Cuando lo conocí tenía una flota de más de cien camiones circulando por el país y la región. Para la pequeña localidad del interior donde vivía, y en un país como Uruguay, eso era muchísimo: ¡José se había hecho rico! También su familia había crecido; tenía cuatro hijos varones, casados y con hijos, así que ya era abuelo de varios nietos. Sus hijos trabajaban también en ese rubro familiar y ya tenían la mayor responsabilidad, aunque José seguía concurriendo a la oficina cada día y si faltaban choferes no dudaba en conducir él mismo muchas horas y grandes distancias. El «patrón» no dejaba de ser camionero, como lo había sido toda su vida.
Aída, la esposa, de soltera había trabajado como vendedora en una tienda de la pequeña localidad donde ambos vivían; se conocieron y ennoviaron en un baile, una de las ocasiones de socializar más allá de las vueltas a la plaza de los domingos. Como tantas mujeres «de antes», una vez casada se ocupó de la casa y los hijos. Pasó a ser «de profesión: labores». Así lo anunciaban los documentos, aunque trabajaba más que antes y sin licencias…
Volvamos al viaje. Eliana, la nieta mayor de José y Aída, estudiaba en un colegio en la capital y se enteró de que los profesores y sus familias habían organizado un viaje a Europa. En realidad, más que un tour, era una especie de peregrinación religiosa por ciertos sitios significativos para la comunidad, que incluía la visita también a algunas grandes capitales. Pensando en sus abuelos, le interesó la propuesta y se lo comentó a sus padres: «¡sería tan lindo que fueran! Además, con seguridad y en buena compañía». Eso contaron ellos en la reunión previa donde se presentaron. Estaban tan contentos como nerviosos: no eran profesores, no conocían a nadie allí y ¡nunca habían viajado!

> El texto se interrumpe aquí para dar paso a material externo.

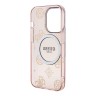Чехол Guess Peony Glitter Hard для iPhone 14 Pro, розовый/золотой (MagSafe)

¡Partimos! Todos nos conocíamos, la mayoría de muchos años. Los nuevos en el viaje eran «los veteranos», el camionero y su esposa. Fue muy fácil la integración: Aída, al principio, iba callada y luego fue mostrando ser una mujer no solo cordial sino alegre. José desde el principio fue más expansivo: hablaba de su linda familia y contaba su vida con sencillez, entre anécdotas y risas. No tenían en absoluto veleidades ni conductas de «nuevos ricos».
Cuando los trayectos eran largos, Julián tocaba la armónica y José seguía la música silbando. «Yo siempre silbo cuando estoy solo o conduciendo, me hace compañía». Se reía cuando oía decir a Edgardo «vamos, compañeros»; decía: «a mí desde la escuela que no me llamaban así». Si circulaban galletitas o caramelos, siempre aceptaba, aunque Aída lo rezongaba: «cuidado con tu diabetes, viejo». A medida que fueron sintiéndose en confianza y acogidos, ellos conversaban con todos y no dejaban de manifestar lo felices que estaban con el viaje y la buena compañía: «tenía razón mi nieta mayor, qué gran oportunidad esta». En las largas caminatas, Aída iba despacio y José iba a su ritmo «como toda la vida»; «siempre fuimos a la par», decían a modo de explicación.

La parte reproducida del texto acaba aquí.